Today we received the PCB's for our latest QS-Format board, and the propeller is already alive (can be found). Now we will go forward step by step with testing, features are: 24V, switching power supply to create plenty of 5 V, 4 stepper drivers, two limit switches and AB/N quadrature encoder input per channel. Firmware will implement a spi interface to the QS-Bus and 4 board will be jumper selectable. In addition there is a isolated full duplex RS485, so the board can run stand alone, only serial connection to command the drivers is needed. The propeller works from a 128KByte flash memory. There is a vision to connect an IoT5500 board to attach the box to the internet.

Mark_T

Interesting - do those stepper drivers live up to the hype in the datasheet? I've used
drivers with stall detect and it wasn't really usable.

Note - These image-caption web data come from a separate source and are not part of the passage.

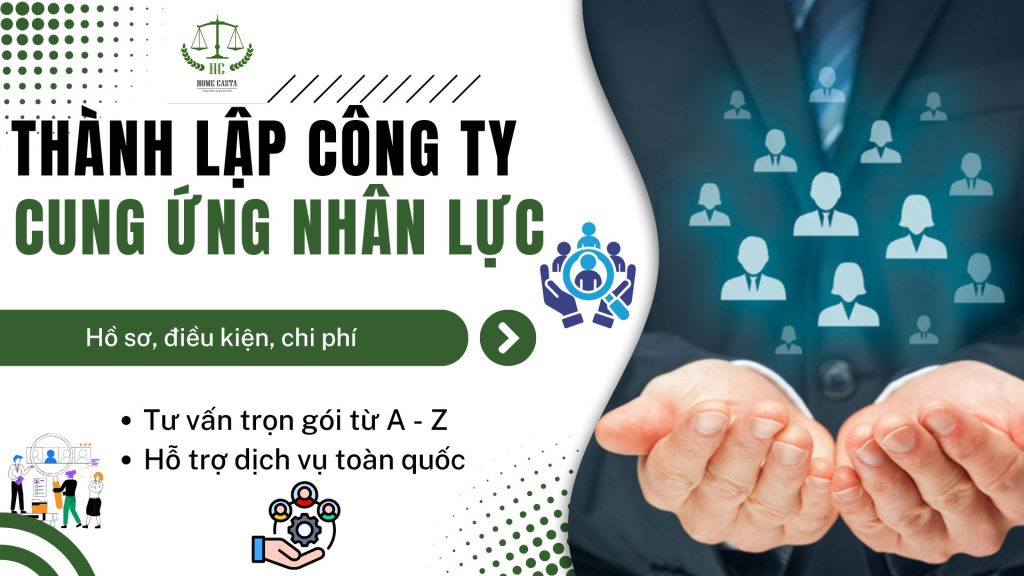 thành lập công ty cung ứng nhân lực
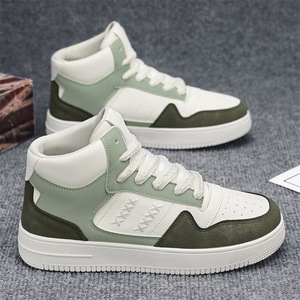 Nouvelles chaussures de sport décontractées pour hommes de style hongkongais, à tige haute, respirantes, avec doublure en mesh, pour le printemps et l'automne - Usage quotidien - Product Image 2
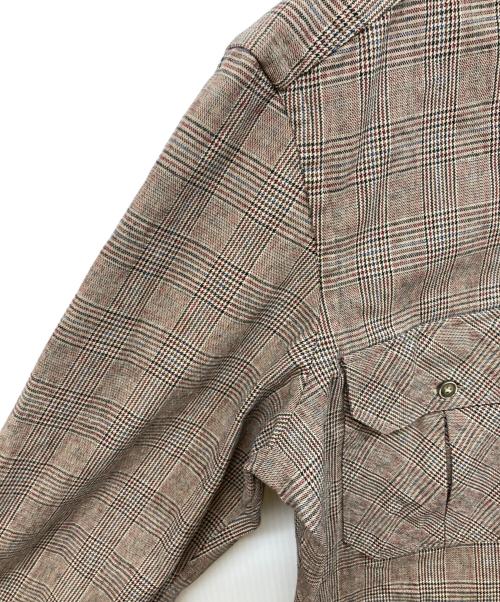 giannetto（ジャンネット）giannetto (ジャンネット) チェックシャツ ベージュ サイズ:	SIZE Mの古着・服飾アイテム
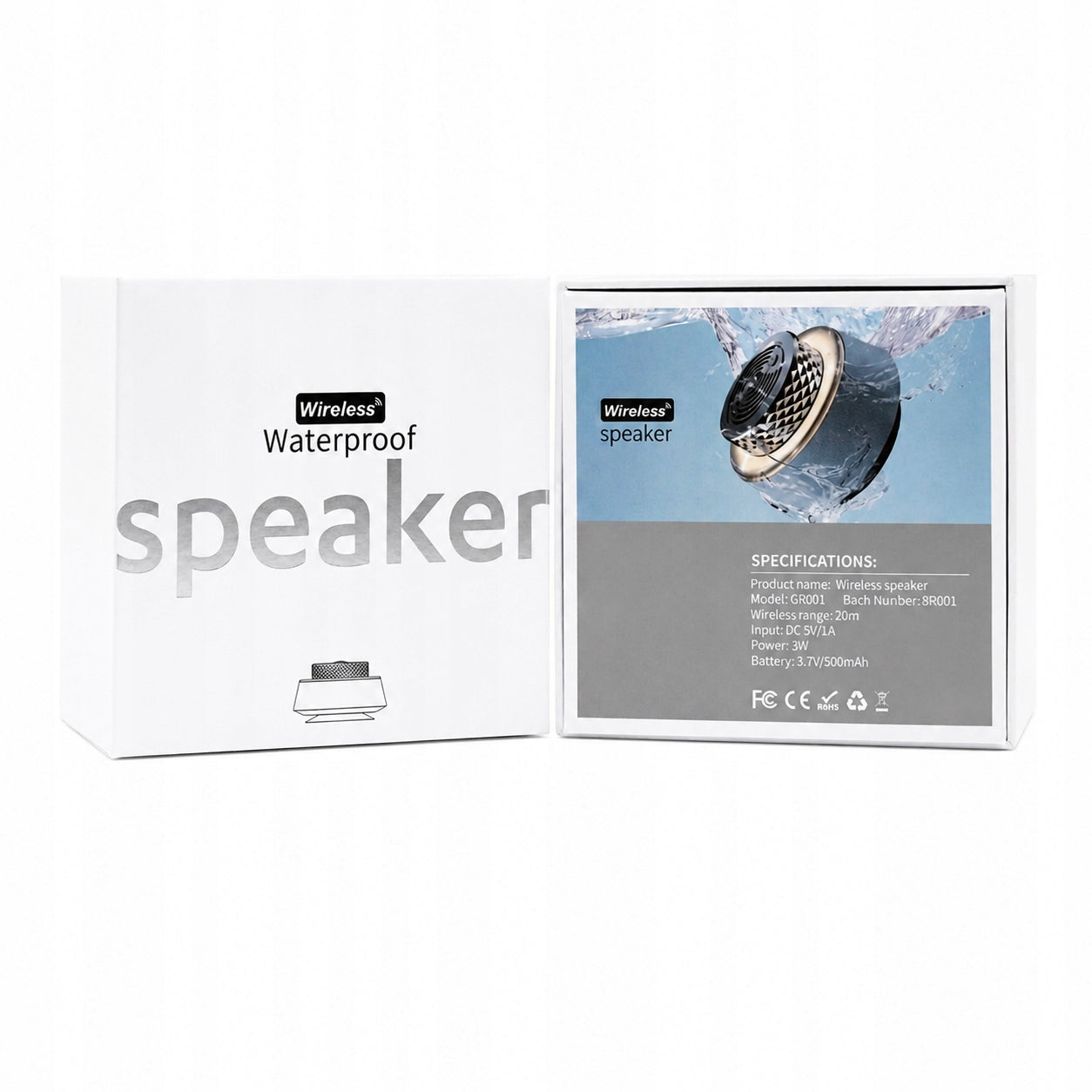 Bluetooth Speaker Portable IPX6 Waterproof Packaging status original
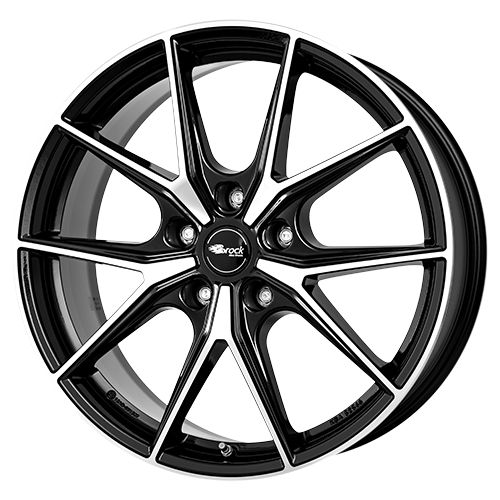 BROCK B40 schwarz glanz voll-poliert (sgvp) 9.5Jx19 5x120 ET40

Still the on-resistances are pretty low, the lowest I've seen for a one-chip chopper.

ErNa

Stall detecting in general seems to be an unsolved problem. Lastly I learned about another new stepper driver, but looking closer to the white papers I do not see the problem finally solved. So we have to see how good the solution is, if not perfect. What does stall mean? In general a motor is called stalling, when the rotor doesn't follow the step commands. If a runway limit is reached, that would mean, the motor stays in a place and just doesn't move. But if the motor lifts a load and is overloaded, the load just falls down, the motor turns backward. Stalling is moving in this case.
Normally a stepper is driven at nominal current what means constant dissipation of power. The cool step feature detect the motor load and reduces current to the value needed to generate appropriate torque. When load increases, current increases fastly and decreases slowly, so power dissipation is reduced. If it turnes out, that maximum torque is not sufficient, stall detect can signal this overload before a step failure (and so stall) actually occures. Sometime reducing speed can solve this problem. This is where stall detection can be used. But is has been shown, that not every stepper is created equal and so motors have to be qualified to make good use of this feature. We hopefully can create some analysis tool to help selecting the right motor. We will see. Anyway, the selected chip seemed to be the best solution.